In my macro courses we read a chapter in the book "The Economics of Macroissues." The chapter discussed how nations with common law systems, where property rights are better protected than in nations with civil law systems, have higher growth rates. I pointed out to my classes that even a small difference in growth rates ends up causing a very big difference in per capita incomes due to the annual compounding effect.
In early 2010, Paul Krugman mentioned that the per capita GDP since 1980 has grown 1.95% in the US and 1.83% in the EU. But we should also remember that small differences in growth rates compound over time. If per capita income was 20,000 in both the US and EU 29 years ago, the per capita income (or GDP) now would be 35,015 in the US and 33,839 in the EU, a difference of $1,176. Maybe not a big difference. But after 100 years the US income level would be 12% higher. After 200 years it would be 26% higher.

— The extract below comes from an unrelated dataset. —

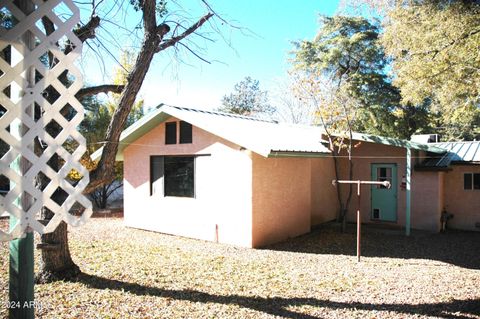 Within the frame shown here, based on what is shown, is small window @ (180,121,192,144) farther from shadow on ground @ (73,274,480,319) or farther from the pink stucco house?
shadow on ground @ (73,274,480,319)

The table below shows how much per capita income would be at various rates after 100 and 200 years. Assume we start with a per capita income of $1,000. If we grow 2.0% per year, after 100 years it will be $7,245. At 2.1% per year, it would be $7,791 or about $700 more. That is how much that little .1% matters. The difference over 200 years is about $11,000. After 100 years at 2.5% per year, per capita income would be $11,814. That is $4,000 more than the 2.0% rate. Small differences in growth rates add up to big differences over time.